Take the records below from their first line to the line with "MagnaFlow HM-Grade Direct-Fit", and restate those lines word for word.
==== DATA UNDER STUDY ====
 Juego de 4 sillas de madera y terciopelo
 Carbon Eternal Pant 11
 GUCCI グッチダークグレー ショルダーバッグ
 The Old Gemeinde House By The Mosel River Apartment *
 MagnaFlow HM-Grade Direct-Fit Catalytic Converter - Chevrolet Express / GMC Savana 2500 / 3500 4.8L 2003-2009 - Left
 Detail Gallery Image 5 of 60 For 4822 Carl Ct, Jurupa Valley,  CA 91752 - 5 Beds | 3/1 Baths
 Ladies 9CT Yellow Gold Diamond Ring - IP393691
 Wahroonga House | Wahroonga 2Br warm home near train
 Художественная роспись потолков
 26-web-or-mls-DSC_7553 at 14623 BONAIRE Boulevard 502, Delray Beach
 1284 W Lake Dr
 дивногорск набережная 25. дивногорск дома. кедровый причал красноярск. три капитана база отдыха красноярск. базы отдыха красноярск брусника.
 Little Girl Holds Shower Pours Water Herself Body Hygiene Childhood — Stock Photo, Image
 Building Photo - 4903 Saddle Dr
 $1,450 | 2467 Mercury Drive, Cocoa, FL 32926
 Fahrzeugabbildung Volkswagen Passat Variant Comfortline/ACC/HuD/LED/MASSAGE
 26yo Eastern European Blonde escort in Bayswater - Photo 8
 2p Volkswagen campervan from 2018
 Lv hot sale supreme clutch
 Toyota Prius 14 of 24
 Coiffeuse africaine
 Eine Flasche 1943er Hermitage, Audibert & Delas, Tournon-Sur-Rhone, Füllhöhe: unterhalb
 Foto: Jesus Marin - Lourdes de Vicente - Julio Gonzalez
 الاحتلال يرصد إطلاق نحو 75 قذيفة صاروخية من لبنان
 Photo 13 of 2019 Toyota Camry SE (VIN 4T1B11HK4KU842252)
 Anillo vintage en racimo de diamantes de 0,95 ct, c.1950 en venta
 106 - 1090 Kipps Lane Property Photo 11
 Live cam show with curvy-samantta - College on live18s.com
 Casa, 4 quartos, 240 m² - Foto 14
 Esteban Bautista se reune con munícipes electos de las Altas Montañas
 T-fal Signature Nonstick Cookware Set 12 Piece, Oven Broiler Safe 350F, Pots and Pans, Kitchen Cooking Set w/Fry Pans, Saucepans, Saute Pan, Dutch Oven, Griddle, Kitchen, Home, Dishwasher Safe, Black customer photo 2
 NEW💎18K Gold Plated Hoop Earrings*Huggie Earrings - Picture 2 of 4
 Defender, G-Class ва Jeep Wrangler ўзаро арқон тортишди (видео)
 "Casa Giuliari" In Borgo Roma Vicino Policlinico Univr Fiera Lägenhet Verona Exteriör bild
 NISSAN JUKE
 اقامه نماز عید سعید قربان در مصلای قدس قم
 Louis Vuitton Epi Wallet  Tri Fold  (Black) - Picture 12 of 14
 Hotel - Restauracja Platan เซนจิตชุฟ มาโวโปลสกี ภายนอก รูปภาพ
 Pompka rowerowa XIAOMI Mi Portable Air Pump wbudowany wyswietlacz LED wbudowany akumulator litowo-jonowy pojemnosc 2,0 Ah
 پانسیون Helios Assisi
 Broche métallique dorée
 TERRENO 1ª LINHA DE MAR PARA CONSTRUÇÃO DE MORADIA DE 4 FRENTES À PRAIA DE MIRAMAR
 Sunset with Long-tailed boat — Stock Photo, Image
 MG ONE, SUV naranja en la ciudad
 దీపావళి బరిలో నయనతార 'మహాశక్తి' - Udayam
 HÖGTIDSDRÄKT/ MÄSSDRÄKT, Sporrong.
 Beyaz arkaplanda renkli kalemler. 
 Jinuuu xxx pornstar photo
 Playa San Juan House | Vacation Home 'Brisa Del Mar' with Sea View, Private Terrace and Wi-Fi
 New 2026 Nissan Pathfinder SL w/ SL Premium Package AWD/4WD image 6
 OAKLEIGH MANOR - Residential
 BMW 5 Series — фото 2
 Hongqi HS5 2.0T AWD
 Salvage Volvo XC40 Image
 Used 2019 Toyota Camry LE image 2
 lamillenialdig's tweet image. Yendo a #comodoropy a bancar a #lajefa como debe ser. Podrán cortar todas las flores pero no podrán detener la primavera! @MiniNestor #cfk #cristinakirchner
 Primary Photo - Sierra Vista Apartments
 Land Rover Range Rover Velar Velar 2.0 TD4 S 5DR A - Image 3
====
ANSWER SECTION:
 Juego de 4 sillas de madera y terciopelo
 Carbon Eternal Pant 11
 GUCCI グッチダークグレー ショルダーバッグ
 The Old Gemeinde House By The Mosel River Apartment *
 MagnaFlow HM-Grade Direct-Fit Catalytic Converter - Chevrolet Express / GMC Savana 2500 / 3500 4.8L 2003-2009 - Left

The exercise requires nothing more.